Evangelizing Your Children – When to Begin

Granted – parents are the primary religious educators of their children.  But before educating them, we must evangelize them.  But when and how do we begin?

What does Scripture say to parents about evangelizing their children? At what age of the child should parents begin?

One day, the Pharisees tested Jesus with an important question – of all 613 of the Bible’s laws, which is most important? The Lord quickly shot back a response: “you shall love the Lord your God with all your heart, with all your soul, and with all your mind (Matthew 22:37).

Here Jesus is quoting Deuteronomy 6:4-5 which begins with “hear O Israel! The Lord is our God, the Lord alone!” Moses goes on to say “drill this into your children. Speak of this whether you are at home or abroad, whether busy or at rest. Write this on the doorposts of your houses and on your gates.” This verse was the first thing whispered into the ear of a newborn and the last thing heard by the dying. It was repeated three times a day by the pious Jew and is still written on a tiny scroll and attached to the doorjamb of a Jewish home. This “Mezuzah” is reverently touched on the way in and out of the house much the same way as we dip our fingers into holy water on the way in and out of Church.

To evangelize literally means to share good news. The gospel (“good news”) is that the Creator of the Universe invites us into a relationship with Himself that will last forever. He gives us his entire self – we respond by giving ourselves to Him. Religion is not about mechanical observance, but about an intimate love relationship that will transform us and fulfill us beyond our wildest imagination. Jesus reveals the full degree of this intimacy when he teaches us to call God “Father” and demonstrates the full extent of God’s love on Calvary.

The Bible commands us to get this message across to our children from the moment of birth. This is why the Catholic Church baptizes infants.

But it is important to note that sharing the gospel can’t be limited to periods of formal instruction. A small child learns his parents native language not by taking formal language classes, but by hearing people conversing day in and day out. Children pick up language by osmosis, so to speak. They “catch” it.

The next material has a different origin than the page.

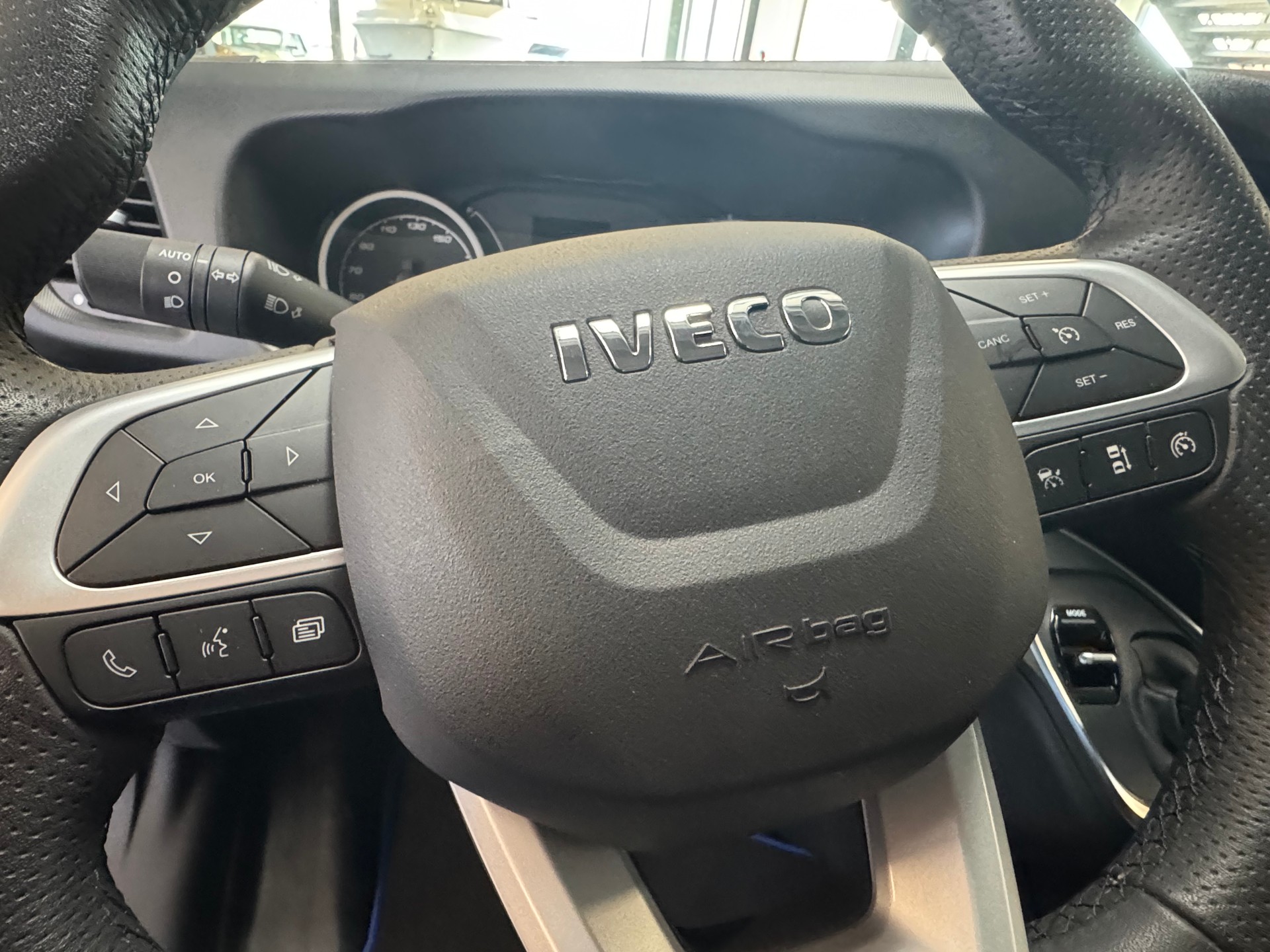 IVECO 35S14EV L3H2-image-8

It is the same way with the gospel. For us, the crucifix and images of the saints displayed in the home are continuous reminders to everyone, even the smallest child, of the love of God and our spiritual family, the Church. A child first realizes God is important when he or she sees prayer integrated into every aspect of life – morning offering, grace before meals, and prayer before bed.

As children grow and develop, our evangelization strategy must develop as well. Reading, writing, and arithmetic are important enough to warrant careful study in the classroom. Is the faith more or less important?

But formal classes have significant limitations. Kids’ curiosity is not always perfectly timed to coincide with class periods. It could be driving home from a friend’s house that a teen asks, “dad, why is it wrong to have sex with your girlfriend.” Will dad be ready? Can he present chastity as liberating good news instead of repressive prudishness? If he has no answer, a teenager, may conclude that there is no good answer.

For this reason, the Second Vatican Council clearly teaches that parents are the primary religious educators and evangelizers of their children. To fulfill our role effectively, we parents need first to be examples. Our kids will more quickly follow our footsteps than our words. But as they grow into young adulthood, children also need answers. They need for us not just to model our faith, but to help them understand it. We cannot give what we don’t have. Continuing education is necessary in our professional vocations – it is no less essential in our vocation as Christian parents.